Przegłosują projekt?

Zarządzenie może wejść w życie już za miesiąc, gdyż radni chcą głosować w połowie czerwca. Wiele wskazuje na to, że przegłosują ustawę. Na czterdziestu trzech zasiadających w krakowskiej radzie miasta, popiera ją już dwudziestu dwóch radnych, a więc większość.

Entuzjaści pomysłu

- Hejnału należy słuchać z szacunkiem- tłumaczy Bystrowski. Inni podkreślają długą tradycję hejnału. - Mało kto pamięta, że ma już prawie 700 lat, a więc dużo więcej niż "Mazurek Dąbrowskiego" - wyjaśnia Michał Niezabitowski, dyrektor Muzeum Historycznego Miasta Krakowa.

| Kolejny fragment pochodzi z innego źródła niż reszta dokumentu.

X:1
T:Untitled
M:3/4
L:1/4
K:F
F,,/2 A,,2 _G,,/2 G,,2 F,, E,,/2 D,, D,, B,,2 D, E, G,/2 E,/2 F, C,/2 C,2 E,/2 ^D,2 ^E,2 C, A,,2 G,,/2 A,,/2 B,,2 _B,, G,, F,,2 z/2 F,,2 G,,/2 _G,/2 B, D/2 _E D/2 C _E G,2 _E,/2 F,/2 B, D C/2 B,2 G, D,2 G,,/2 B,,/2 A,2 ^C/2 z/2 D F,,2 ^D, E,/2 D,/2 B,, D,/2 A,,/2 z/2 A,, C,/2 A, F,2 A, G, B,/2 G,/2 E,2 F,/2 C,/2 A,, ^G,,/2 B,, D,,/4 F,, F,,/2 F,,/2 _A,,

Hejnaliści również przyjęli nową propozycję krakowskich radnych z entuzjazmem, bo - jak mówią - ułatwi im to pracę. - Najgorzej jest wieczorem, gdy młodzież gra na bębnach - twierdzi Zygmunt Rozum, pracujący na wieży mariackiej od czternastu lat.

Mniej zadowoleni

Z kolei krakowscy strażnicy powściągliwie podchodzą do nowego projektu. - Przecież tego przepisu nie da się wyegzekwować - mówią.

Także restauratorzy i znani mieszkańcy miasta nie zostawiają na pomyśle suchej nitki. - Nikt nie będzie pamiętał o tym, aby co godzinę ściszać muzykę - twierdzi menedżer pubu Piano Rouge położonego tuż przy kościele Mariackim. - To brzmi jak żart. Słucham hejnału od dziecka i gwar na rynku nigdy mi nie przeszkadzał - mówi popularny aktor Andrzej Grabowski.

Prezydent Krakowa Jacek Majchrowski również rozkłada ręce. - Jeśli radni przegłosują ten przepis, będę musiał go wykonać. Takie jest prawo - stwierdza Majchrowski.